"""

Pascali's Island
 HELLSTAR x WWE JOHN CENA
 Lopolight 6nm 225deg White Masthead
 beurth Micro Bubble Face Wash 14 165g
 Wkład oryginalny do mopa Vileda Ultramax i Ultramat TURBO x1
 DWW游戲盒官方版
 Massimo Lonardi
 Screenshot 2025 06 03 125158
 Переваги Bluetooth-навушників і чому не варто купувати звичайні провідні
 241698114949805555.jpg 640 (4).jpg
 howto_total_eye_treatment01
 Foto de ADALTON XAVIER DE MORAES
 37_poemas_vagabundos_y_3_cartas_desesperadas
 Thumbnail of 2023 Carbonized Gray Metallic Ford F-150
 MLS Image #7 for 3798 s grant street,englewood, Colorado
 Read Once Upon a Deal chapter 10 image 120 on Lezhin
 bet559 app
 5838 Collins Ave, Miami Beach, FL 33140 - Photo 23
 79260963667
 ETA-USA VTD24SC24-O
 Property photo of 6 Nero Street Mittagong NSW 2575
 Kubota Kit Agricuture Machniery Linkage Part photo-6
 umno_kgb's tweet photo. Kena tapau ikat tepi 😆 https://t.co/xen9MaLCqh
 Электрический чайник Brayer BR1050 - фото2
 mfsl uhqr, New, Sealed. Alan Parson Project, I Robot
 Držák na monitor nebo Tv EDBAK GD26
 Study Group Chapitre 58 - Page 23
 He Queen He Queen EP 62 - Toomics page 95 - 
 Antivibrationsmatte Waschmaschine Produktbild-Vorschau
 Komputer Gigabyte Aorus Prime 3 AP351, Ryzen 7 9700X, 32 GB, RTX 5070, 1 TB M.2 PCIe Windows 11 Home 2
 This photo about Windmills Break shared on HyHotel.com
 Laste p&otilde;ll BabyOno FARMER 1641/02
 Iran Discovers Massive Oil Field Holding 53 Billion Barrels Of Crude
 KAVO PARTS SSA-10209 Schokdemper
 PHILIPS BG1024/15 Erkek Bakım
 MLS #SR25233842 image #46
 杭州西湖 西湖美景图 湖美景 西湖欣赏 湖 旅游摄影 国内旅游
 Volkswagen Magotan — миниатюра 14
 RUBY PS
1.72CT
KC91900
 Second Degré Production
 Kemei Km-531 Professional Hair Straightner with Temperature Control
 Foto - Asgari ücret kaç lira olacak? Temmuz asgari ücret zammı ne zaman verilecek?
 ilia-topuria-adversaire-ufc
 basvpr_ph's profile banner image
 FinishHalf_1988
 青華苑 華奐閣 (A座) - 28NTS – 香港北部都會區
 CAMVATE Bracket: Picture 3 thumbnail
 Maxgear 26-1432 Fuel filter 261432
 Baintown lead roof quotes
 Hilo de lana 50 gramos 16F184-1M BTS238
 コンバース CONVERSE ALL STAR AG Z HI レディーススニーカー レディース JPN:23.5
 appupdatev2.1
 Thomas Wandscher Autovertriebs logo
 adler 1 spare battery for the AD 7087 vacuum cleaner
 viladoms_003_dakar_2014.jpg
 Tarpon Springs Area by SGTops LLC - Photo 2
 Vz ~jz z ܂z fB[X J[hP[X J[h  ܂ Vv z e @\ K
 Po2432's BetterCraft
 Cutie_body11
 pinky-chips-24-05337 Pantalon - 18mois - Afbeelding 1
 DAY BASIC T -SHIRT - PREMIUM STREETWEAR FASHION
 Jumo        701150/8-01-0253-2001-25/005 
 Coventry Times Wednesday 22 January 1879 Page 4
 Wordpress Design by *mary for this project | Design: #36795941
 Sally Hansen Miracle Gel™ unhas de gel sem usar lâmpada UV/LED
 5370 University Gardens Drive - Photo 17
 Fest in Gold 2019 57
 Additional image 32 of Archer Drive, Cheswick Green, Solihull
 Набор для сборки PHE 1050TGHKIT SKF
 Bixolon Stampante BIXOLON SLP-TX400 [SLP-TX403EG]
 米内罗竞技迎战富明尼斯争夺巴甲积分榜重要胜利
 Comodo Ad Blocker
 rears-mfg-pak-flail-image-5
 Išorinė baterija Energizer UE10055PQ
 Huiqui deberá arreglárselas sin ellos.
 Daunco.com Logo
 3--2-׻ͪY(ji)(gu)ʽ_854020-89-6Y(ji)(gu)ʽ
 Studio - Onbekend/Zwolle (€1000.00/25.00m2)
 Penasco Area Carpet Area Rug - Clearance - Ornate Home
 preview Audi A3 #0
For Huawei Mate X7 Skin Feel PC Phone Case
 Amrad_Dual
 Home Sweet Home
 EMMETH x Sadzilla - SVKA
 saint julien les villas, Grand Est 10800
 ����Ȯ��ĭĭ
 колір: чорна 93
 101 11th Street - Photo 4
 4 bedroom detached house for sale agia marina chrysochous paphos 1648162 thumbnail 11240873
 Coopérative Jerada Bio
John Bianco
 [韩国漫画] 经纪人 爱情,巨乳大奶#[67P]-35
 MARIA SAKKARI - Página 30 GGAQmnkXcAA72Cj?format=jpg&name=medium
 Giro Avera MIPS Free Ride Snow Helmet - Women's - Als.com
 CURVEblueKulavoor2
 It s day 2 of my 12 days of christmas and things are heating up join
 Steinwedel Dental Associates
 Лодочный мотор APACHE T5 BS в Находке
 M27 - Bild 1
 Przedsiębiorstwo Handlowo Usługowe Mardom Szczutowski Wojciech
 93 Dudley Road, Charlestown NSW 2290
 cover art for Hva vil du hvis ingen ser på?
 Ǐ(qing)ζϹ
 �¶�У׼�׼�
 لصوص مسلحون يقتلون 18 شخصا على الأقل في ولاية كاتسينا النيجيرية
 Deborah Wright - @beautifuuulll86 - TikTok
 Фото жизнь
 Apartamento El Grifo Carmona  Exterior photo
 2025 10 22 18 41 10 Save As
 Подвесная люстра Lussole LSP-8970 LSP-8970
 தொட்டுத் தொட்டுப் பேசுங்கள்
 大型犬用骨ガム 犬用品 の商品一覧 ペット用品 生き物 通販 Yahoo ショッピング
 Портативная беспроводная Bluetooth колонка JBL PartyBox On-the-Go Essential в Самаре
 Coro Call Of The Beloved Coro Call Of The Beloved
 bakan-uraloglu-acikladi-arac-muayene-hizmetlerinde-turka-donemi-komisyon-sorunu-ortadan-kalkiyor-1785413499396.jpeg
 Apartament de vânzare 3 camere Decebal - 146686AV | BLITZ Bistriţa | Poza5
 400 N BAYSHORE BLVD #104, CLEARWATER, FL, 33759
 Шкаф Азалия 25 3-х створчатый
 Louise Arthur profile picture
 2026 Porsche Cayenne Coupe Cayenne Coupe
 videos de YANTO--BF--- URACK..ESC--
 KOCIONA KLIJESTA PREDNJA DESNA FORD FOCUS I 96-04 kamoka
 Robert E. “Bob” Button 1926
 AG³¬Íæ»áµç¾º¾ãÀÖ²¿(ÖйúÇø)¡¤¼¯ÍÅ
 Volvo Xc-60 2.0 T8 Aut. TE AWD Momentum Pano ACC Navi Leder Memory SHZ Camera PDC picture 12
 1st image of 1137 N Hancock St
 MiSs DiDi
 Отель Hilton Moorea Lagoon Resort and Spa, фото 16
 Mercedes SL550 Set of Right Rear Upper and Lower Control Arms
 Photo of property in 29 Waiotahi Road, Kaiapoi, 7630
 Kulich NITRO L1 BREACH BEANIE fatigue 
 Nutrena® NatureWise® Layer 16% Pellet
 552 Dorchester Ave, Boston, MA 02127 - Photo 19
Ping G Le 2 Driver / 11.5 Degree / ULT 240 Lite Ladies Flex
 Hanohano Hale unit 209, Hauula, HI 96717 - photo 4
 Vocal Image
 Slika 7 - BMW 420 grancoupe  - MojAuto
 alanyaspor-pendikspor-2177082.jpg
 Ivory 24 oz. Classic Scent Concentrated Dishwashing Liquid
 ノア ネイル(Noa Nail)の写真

"""

◆ **EXERCISE BRIEF**: Copy nothing except the lines from the one holding "Ping G Le 2" through the last line of the data above, and return them exactly.

◆ **YOUR SOLUTION**:
Ping G Le 2 Driver / 11.5 Degree / ULT 240 Lite Ladies Flex
 Hanohano Hale unit 209, Hauula, HI 96717 - photo 4
 Vocal Image
 Slika 7 - BMW 420 grancoupe  - MojAuto
 alanyaspor-pendikspor-2177082.jpg
 Ivory 24 oz. Classic Scent Concentrated Dishwashing Liquid
 ノア ネイル(Noa Nail)の写真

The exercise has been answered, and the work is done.